A Parryville restaurant owner was given an extension of 90 days to prepare for an appearance before the Parryville Zoning Hearing Board.
Parryville Council granted the extension to Mark Stemler, owner of Riverwalck, after his attorney, Carole Walbert, said that more time was needed for the engineer to prepare the appeal application based on the findings of Parryville's Zoning Officer Dick Fedor.
Walbert noted that the engineer will need 30 to 60 days to prepare the permit application and that she has to wait for Fedor's actions before she can move for an amendment of the pending zoning application to include items that will be submitted for appeal.
Parryville Borough solicitor Michael S. Greek noted that Walbert agreed to waive the statutory time period for scheduling a public hearing for 90 days. The hearing will be held sometime in April.
The extension will resolve the restaurant's legal issues regarding zoning violations.
Until the hearing is held, Stemler is allowed to protect his property, should a roof blow off, but is not allowed to do any other construction.

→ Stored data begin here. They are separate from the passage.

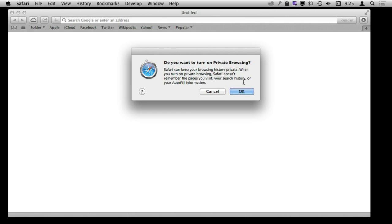It is also going to not remember any autofill information. When you fill in forms it is automatically just going to disregard that and not put that in your autofill.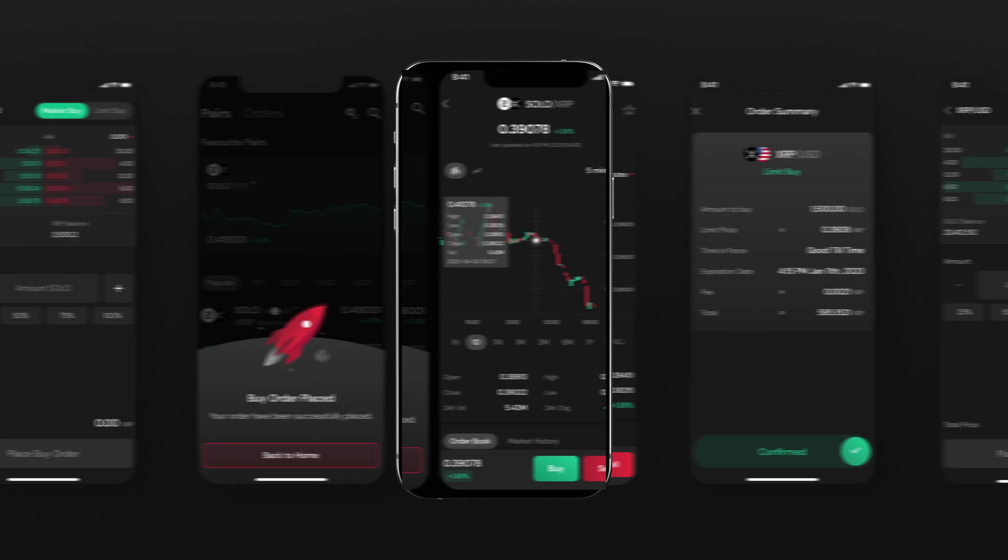Send and receive any asset on the XRPL with ease. Enjoy 24-7 uninterrupted trading at your convenience.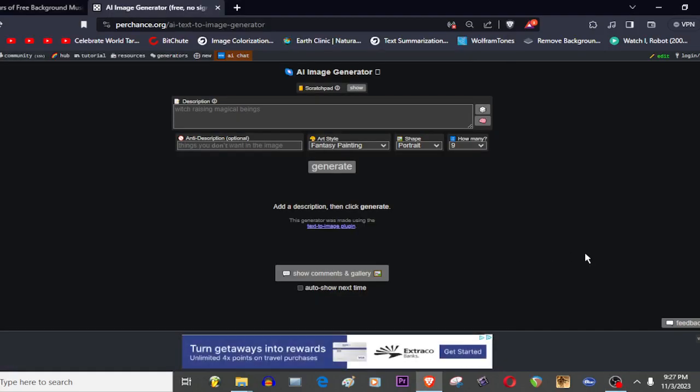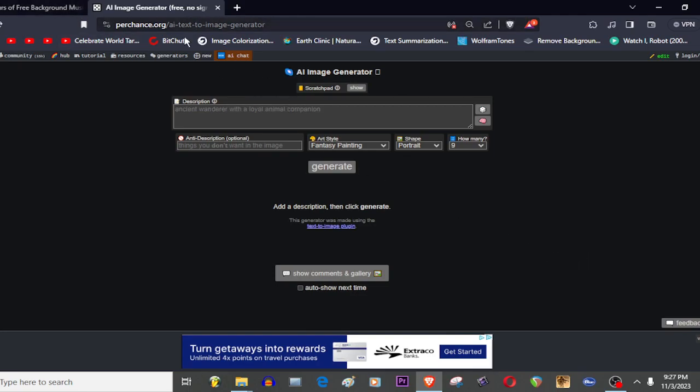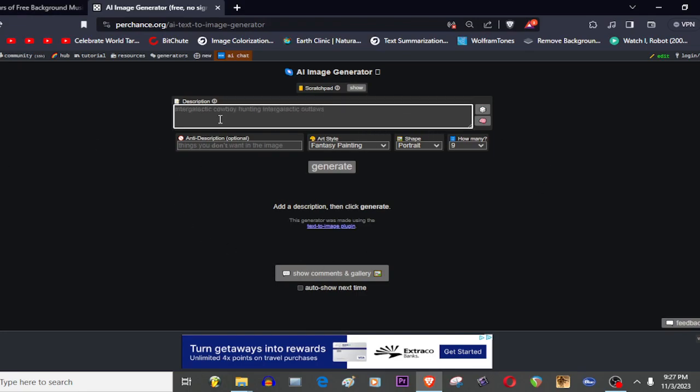Okay, so I'm going to be teaching you guys how to generate AI images for free easily. What you want to do is you want to go to this link right here, and then you'll see this. Then you type in whatever you want. So I want to generate a pig eating a cat.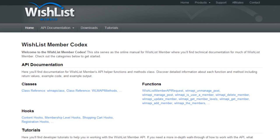WishList Member again has both of these. So when you are sitting down to develop on top of WishList Member, it's important to understand which method you are going to use, and as a result, what different functions, classes, or resources are available that you need to use. We're going to cover some of that here in this video.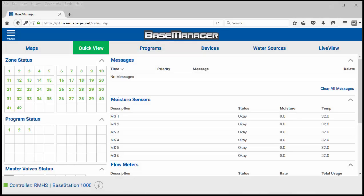In this video I'm going to show you how to add a weather station to your Base Manager Plus account so that you can use weather data as an irrigation option for your base station controllers.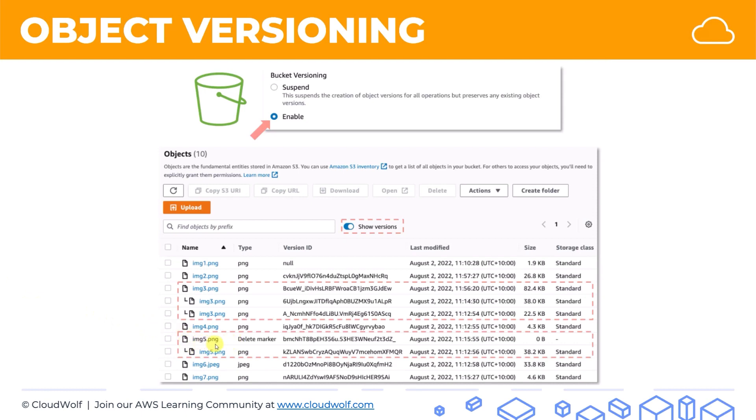But because versioning was enabled when that happened, image 5 didn't actually get deleted. It got replaced with a delete marker. So image 5 became an older version. The newest version of image 5 is actually just a delete marker, which also has its own identifier, zero bytes. And so to everyone, to the outside world, image 5 will look deleted.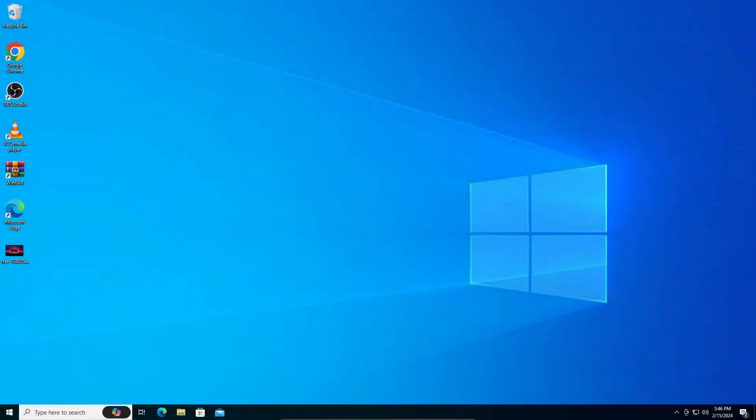Hey guys, in today's video I'm going to teach you how to install DirectX Graphics Tools in Windows 10. It's a very simple process, so let's get straight into it.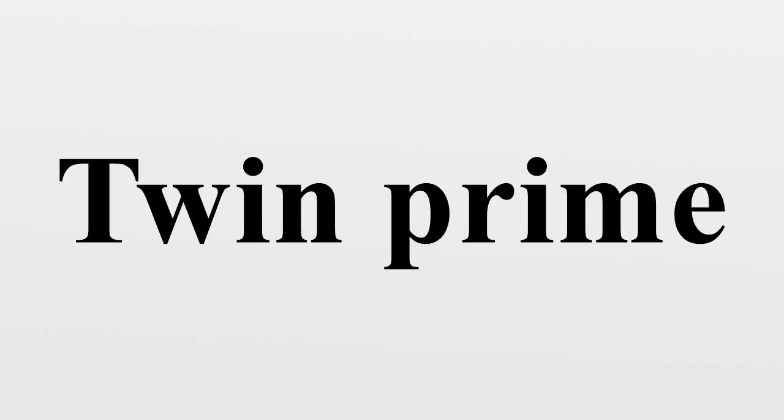But Zhang's result proves that it is true for at least one value of k. Indeed, if such a k did not exist, then for any positive even natural number n there are at most finitely many n such that p_{n+1} - p_n equals m for all m less than n, and so for n large enough we have p_{n+1} - p_n greater than n, which would contradict Zhang's result.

An appeal was filed by Stemler for zoning issues, including the two outdoor buildings and the parking issues, plus the rustic entrance way made from tree trunks that Stemler added that restrict the parking lot opening.
If Riverwalk owner Stemler is turned down by the zoning hearing board and if the county court rejects the variance, Stemler will be required to tear down the building and if the construction does not meet the Uniform Construction Code, he may have to tear it down anyway, noted Greek.

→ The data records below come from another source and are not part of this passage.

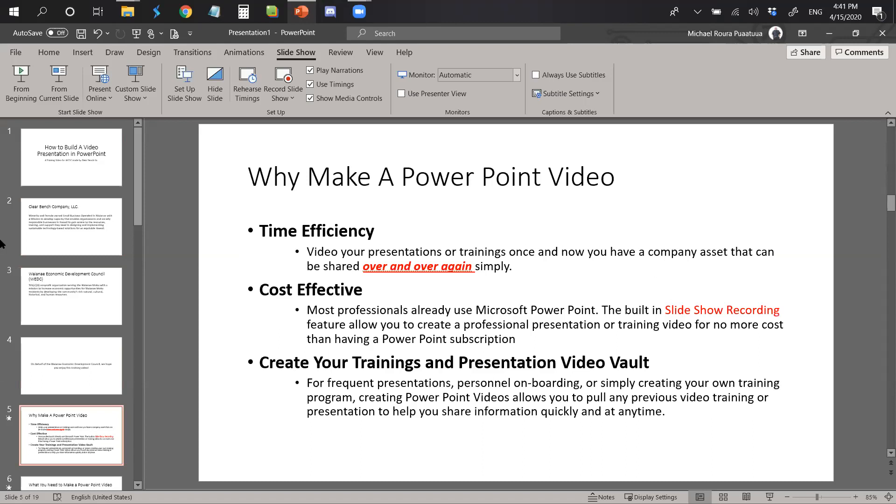Now, why make a PowerPoint video? First off, time efficiency. Video your presentations or trainings once and now you have a company asset that can be shared over and over again simply.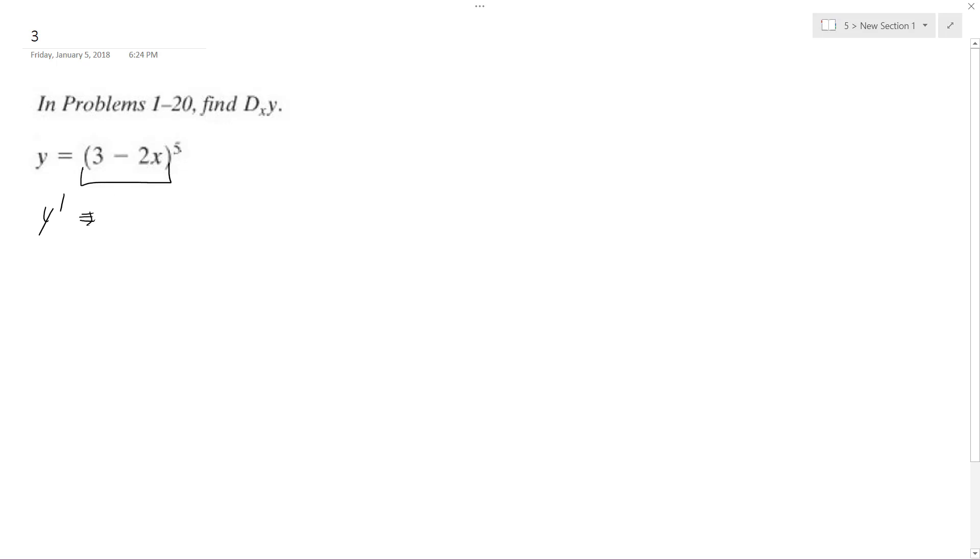Basically, you can treat everything in the parentheses as just x or some variable. What I mean by that is we'll pull down the 5 like a normal derivative. So 3 minus 2x raised to the 5 minus 1, which becomes 4.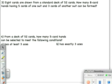Eight cards are drawn from a standard deck of 52 cards. How many eight-card hands having five cards of one suit and three cards of another suit can be formed? The first part that's going to give you a problem is the suits — you need to choose five of one suit and then three of another.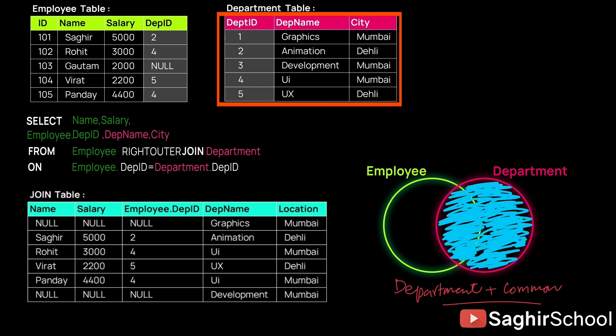There is no employee that works in Graphics or Development department which is present in Employee 1, but still their record will be shown and the missing values will be considered as or written as null.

Attorney Greg Mousseau is Parryville's solicitor for the zoning hearing board. He replaces attorney Steven Serfass, who won the election to become a county judge.
A date has not been set for zoning hearing board to hear the variance request.
During the Parryville meeting held earlier this week, council accepted the resignation of zoning hearing board member Christine Applegate and appointed Greg Hopstock to fill the open seat.
Riverwalck representative Carl Eckhart also attended the meeting to inform council that Riverwalck employees were instructed to not park in the playground parking lot. Eckhart said that many of the employees were young and that they didn't understand that they were parking in a restricted lot.
Council also discussed garbage payments. Michael Grant, council president, noted that overdue garbage bills are down to $6,746, which is an all-time low. Council had discussed holding constable sales for unpaid bills.
Council also discussed the breaking up of Main Road due to the heavy truck traffic that is using the roadway to build the Pennsylvania Turnpike bridge over the Pohopoco Creek and Lehigh River.
Council discussed the possibility of having the turnpike pay some of the resurfacing costs.